Following the 2010 election, the Conservatives continued to move into the centre with modest welfare reforms under George Osborne, the introduction of the national living wage and fiscal consolidation. The next five years are generally acknowledged to have been a wasted opportunity for the Labour Party. Under Ed Milliband’s leadership an endless number of policy reviews was conducted with very little outcome or impact. As the next election was nearing, Labour struggled to put a manifesto of pledges together that amounted to a coherent programme for government. Instead it opted for an oversized tombstone inscribed with several vacuous statements that prompted ridicule and laughter in the wider public.

Thus, in a sense, Jeremy Corbyn’s election to leader was actually the first proper response of the Labour Party to the economic crisis and its related problems such as wage stagnation and income inequality. And this is where the story assumes surreal proportions. Instead of embarking on a profound reassessment of Labour policies and a wider debate on how to tackle social injustice under conditions of low productivity, how to address the disappearance of low skilled jobs and the rise of the professional classes under conditions of a fiscal straightjacket that is likely to continue for the next decade, Labour members opted for a type of unrestrained sloganism, a simplistic populist left wing version of Donald Trump. The most notorious aspect of this move to populism is the striking absence of any hard thinking about policies, the slavish adherence to abstract slogans, and a determination not to let reality impinge on the simplistic worldview those slogans purport.

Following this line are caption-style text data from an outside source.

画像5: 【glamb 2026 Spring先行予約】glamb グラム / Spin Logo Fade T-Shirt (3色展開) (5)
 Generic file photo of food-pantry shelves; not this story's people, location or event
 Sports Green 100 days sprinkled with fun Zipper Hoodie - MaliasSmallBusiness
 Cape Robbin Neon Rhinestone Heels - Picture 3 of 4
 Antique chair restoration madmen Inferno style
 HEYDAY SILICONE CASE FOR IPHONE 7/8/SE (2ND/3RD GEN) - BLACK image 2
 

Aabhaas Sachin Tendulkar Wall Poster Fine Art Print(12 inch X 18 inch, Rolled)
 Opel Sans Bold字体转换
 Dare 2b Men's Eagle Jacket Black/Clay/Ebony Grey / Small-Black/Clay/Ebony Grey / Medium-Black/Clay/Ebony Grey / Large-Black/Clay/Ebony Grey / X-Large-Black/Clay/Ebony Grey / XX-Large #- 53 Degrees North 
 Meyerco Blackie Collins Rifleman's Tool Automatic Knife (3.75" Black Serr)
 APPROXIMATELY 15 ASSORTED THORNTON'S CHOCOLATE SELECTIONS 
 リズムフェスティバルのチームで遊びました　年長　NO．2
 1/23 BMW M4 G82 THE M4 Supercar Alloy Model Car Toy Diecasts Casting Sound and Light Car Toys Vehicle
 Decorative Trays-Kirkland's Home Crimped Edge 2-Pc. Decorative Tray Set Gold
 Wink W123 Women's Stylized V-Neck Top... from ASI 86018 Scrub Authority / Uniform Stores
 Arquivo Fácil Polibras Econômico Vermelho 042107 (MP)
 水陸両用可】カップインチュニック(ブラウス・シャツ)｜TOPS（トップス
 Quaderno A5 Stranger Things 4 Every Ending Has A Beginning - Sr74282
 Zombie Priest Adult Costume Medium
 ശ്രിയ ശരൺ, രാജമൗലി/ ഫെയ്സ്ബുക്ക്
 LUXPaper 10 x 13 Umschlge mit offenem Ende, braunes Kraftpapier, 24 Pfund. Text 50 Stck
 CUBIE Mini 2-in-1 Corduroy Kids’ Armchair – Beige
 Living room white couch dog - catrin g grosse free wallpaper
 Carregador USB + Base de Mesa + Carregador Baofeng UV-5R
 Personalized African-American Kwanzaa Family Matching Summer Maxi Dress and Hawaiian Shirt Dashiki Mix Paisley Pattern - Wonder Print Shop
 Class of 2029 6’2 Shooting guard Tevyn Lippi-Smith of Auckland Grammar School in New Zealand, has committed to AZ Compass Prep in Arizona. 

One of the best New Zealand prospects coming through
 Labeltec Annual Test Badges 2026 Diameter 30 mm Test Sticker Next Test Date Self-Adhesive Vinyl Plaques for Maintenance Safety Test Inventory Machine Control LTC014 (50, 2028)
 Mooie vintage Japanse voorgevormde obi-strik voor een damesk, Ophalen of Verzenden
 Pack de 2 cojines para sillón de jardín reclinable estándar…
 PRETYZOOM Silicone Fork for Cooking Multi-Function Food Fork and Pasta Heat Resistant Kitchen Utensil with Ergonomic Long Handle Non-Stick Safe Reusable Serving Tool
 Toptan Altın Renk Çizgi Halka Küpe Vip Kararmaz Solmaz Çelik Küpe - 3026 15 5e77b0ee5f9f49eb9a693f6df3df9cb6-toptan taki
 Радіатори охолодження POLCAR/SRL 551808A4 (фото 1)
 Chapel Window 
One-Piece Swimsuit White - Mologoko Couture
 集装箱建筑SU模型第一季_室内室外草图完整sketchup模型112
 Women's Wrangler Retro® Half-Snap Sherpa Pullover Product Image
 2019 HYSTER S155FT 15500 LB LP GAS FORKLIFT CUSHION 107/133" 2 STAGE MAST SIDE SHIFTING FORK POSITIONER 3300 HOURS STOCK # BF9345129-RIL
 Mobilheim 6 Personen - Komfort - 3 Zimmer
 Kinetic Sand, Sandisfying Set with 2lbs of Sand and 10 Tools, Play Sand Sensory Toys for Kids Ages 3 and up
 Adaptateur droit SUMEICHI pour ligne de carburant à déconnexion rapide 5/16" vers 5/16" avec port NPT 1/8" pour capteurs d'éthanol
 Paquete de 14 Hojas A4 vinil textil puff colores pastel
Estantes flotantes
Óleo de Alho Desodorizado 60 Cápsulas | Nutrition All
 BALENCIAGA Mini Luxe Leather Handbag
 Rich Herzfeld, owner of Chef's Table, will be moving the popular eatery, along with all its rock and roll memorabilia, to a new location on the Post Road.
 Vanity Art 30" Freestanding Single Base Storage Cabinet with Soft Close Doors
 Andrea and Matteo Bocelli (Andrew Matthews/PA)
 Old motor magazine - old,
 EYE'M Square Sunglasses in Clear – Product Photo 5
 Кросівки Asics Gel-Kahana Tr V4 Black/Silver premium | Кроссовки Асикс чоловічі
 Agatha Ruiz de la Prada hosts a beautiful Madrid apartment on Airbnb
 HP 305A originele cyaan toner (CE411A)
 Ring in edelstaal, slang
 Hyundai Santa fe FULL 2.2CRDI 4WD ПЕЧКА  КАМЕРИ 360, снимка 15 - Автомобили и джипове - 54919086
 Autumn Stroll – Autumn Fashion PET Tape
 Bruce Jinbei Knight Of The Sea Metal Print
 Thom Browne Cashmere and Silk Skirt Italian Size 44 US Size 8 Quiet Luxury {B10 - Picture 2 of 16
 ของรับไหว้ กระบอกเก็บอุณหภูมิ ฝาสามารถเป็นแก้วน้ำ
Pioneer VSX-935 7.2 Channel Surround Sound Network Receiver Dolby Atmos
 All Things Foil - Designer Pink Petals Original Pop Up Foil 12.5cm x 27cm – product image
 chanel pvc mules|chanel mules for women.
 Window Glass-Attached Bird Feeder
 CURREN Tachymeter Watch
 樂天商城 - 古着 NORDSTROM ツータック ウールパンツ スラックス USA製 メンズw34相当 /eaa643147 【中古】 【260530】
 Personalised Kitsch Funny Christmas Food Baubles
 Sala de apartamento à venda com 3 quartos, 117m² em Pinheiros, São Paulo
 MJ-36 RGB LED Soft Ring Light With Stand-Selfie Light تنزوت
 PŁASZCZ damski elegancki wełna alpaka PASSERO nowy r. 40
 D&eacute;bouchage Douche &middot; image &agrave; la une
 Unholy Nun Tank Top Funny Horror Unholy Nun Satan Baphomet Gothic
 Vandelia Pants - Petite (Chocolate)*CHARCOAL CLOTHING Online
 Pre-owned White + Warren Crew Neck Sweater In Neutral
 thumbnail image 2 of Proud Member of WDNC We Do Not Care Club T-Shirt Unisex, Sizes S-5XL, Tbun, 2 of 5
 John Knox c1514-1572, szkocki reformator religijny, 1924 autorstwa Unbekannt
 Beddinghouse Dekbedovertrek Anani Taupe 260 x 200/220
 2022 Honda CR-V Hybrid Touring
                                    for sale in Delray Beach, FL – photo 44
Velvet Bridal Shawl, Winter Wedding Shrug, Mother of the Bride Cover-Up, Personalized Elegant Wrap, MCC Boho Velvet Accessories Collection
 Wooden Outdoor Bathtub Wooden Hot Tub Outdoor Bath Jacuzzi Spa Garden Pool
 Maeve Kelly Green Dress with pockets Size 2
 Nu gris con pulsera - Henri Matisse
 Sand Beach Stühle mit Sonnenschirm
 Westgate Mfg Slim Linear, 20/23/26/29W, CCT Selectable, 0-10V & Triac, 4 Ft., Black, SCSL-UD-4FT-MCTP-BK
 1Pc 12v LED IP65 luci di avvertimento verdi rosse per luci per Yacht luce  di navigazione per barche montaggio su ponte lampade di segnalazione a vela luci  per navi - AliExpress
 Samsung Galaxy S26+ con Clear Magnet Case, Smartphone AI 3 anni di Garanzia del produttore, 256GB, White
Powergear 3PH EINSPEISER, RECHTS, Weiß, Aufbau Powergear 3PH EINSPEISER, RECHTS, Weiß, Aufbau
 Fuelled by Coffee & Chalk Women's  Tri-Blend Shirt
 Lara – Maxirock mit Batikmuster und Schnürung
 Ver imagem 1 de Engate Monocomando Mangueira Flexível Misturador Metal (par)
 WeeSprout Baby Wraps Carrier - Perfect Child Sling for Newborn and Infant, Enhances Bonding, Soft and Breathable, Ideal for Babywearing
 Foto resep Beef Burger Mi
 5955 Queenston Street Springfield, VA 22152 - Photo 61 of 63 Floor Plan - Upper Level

An important side effect of this return to the 1970s is that Corbyn’s ideas show little traction with the working class voters he pretends to represent. As so often before, the proletariat appears to refuse to play along with the Marxist leaders. Corbyn acolytes appear to be mainly young middle class voters who should have little investment in a Marxist worldview that assigns to them a diminishing political role as the proletariat ‘gains class consciousness’. But then, as so often, paradoxes abound in English Socialism, once led by an aristocrat, Tony Benn, who virulently campaigned against the very educational standards he benefited from.

Where does that leave the political landscape in England? Labour’s move to the extreme left may just open up some electoral space for moderate social democrats and liberals. LibDem’s leader Tim Farron seems to sense that when he appealed to disenchanted moderate Labour voters to join the Liberal Democrats. It is customary in the British media to write off the LibDems but the party still has a significant number of councillors and some parliamentary representation (at Westminster and in Cardiff), more than other fringe parties such as the Greens and UKIP. Councillors are usually the knights in shining armour when it comes to trudging through the English rain to deliver leaflets to potential voters or placing calls to the ‘pledged voters’ to go to the polling booths. So, the LibDems are electorally in a better position than the Greens and UKIP.

The biggest threat to Conservative rule is however amy come from inside the Tories themselves, through a prime minister who ditches the moderate compassionate Conservatism that served David Cameron so well in the last 6 years. Part of the reason why Labour shifted to the extreme left was that the Conservatives firmly occupied the centre ground with progressive policies once popular under Labour, such as national minimum wage, welfare reform and the academy programme. The biggest mistake Theresa May could do is to vacate this centre ground and encourage moderate Labour politicians to formulate their own policies. Let’s hope she is a closet Cameroonian.